--- Dataset excerpts Enclosed Below ---
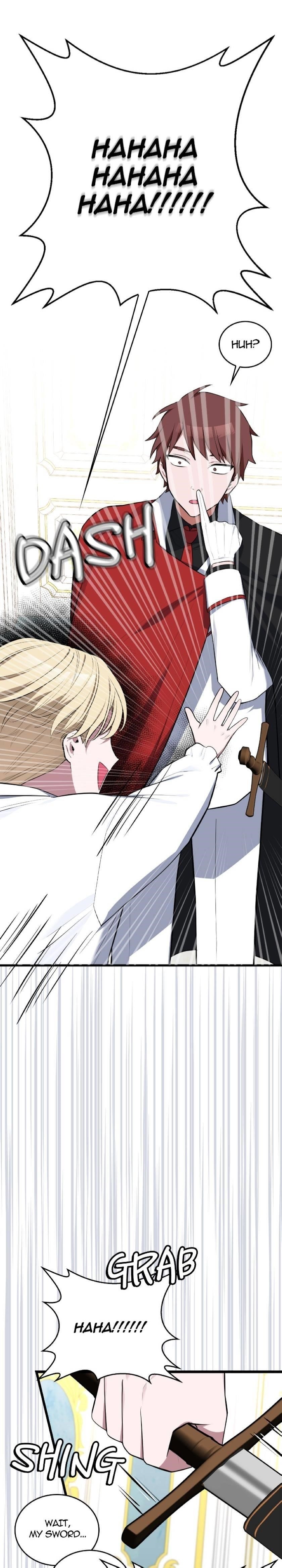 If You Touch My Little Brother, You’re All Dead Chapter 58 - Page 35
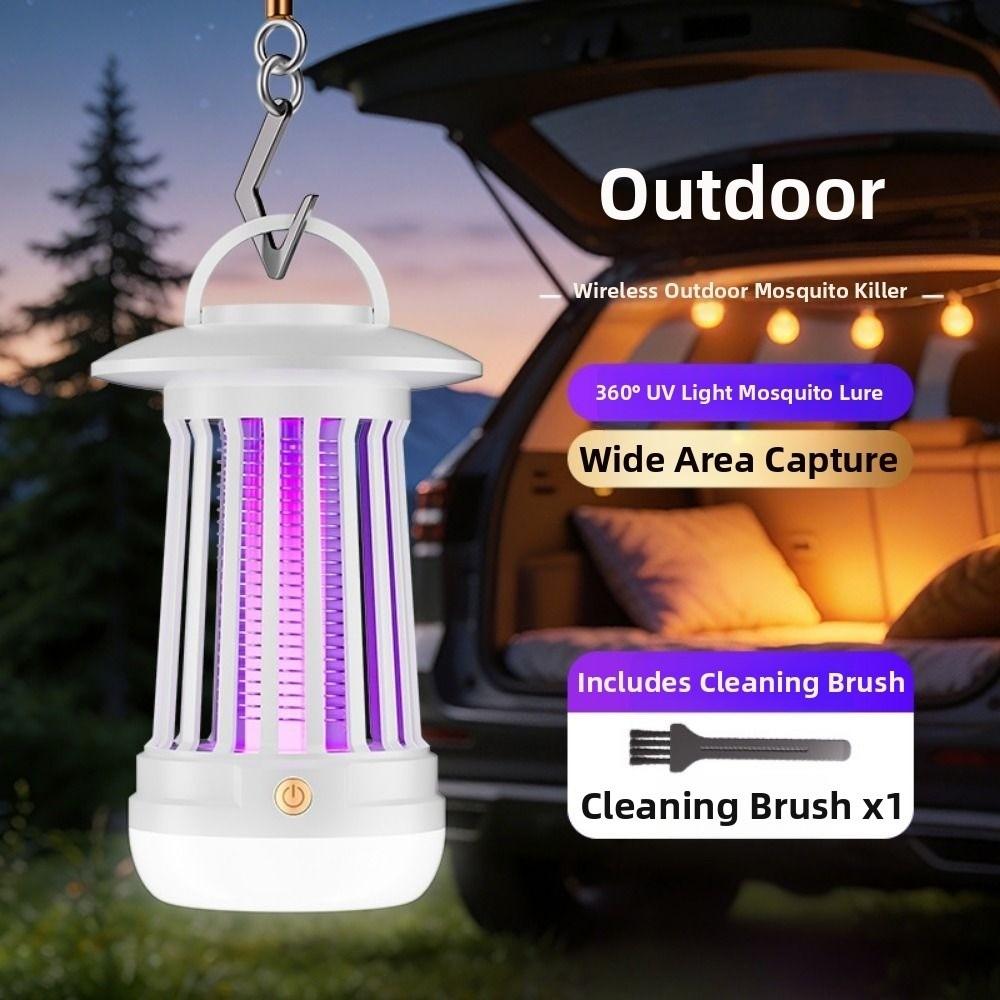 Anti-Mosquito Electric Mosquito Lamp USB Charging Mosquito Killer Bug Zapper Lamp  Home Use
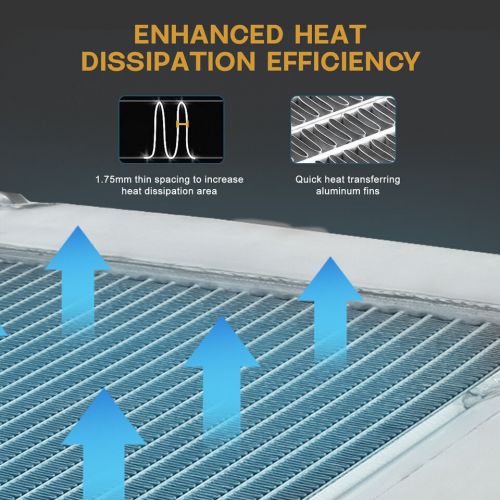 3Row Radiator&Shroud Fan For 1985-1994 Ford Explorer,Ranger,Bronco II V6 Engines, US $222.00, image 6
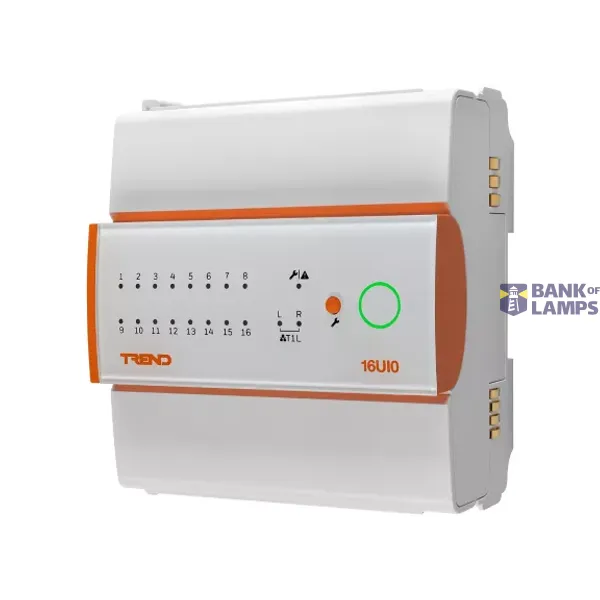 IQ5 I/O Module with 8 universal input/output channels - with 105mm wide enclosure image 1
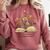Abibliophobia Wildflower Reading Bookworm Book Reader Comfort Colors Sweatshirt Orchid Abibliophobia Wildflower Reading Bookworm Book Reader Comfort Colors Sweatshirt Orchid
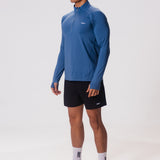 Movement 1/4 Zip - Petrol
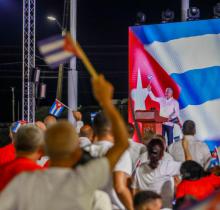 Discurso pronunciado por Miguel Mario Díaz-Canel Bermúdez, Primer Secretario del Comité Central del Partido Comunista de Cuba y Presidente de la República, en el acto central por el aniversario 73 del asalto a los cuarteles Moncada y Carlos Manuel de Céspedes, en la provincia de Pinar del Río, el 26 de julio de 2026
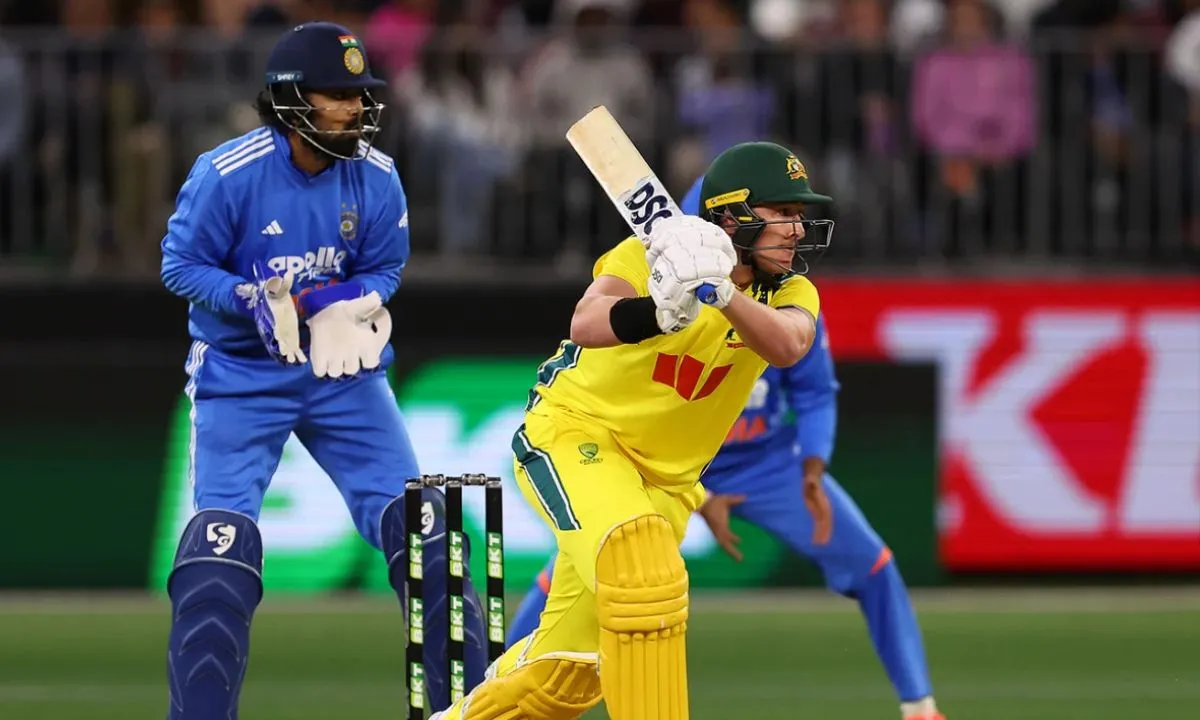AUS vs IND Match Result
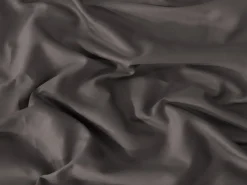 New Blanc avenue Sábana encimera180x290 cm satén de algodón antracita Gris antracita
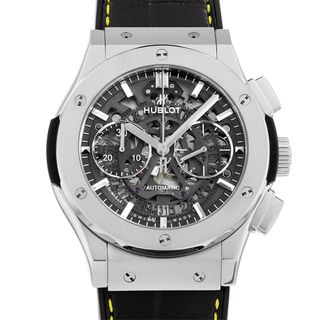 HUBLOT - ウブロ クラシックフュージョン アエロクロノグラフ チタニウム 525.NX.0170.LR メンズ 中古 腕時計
--- End of Enclosed Dataset excerpts ---
Keep the pictures out of the copy and write out the data exactly as it stands.

 If You Touch My Little Brother, You’re All Dead Chapter 58 - Page 35
 Anti-Mosquito Electric Mosquito Lamp USB Charging Mosquito Killer Bug Zapper Lamp  Home Use
 3Row Radiator&Shroud Fan For 1985-1994 Ford Explorer,Ranger,Bronco II V6 Engines, US $222.00, image 6
 IQ5 I/O Module with 8 universal input/output channels - with 105mm wide enclosure image 1
Abibliophobia Wildflower Reading Bookworm Book Reader Comfort Colors Sweatshirt Orchid Abibliophobia Wildflower Reading Bookworm Book Reader Comfort Colors Sweatshirt Orchid
 Movement 1/4 Zip - Petrol
 Discurso pronunciado por Miguel Mario Díaz-Canel Bermúdez, Primer Secretario del Comité Central del Partido Comunista de Cuba y Presidente de la República, en el acto central por el aniversario 73 del asalto a los cuarteles Moncada y Carlos Manuel de Céspedes, en la provincia de Pinar del Río, el 26 de julio de 2026
AUS vs IND Match Result
 New Blanc avenue Sábana encimera180x290 cm satén de algodón antracita Gris antracita
 HUBLOT - ウブロ クラシックフュージョン アエロクロノグラフ チタニウム 525.NX.0170.LR メンズ 中古 腕時計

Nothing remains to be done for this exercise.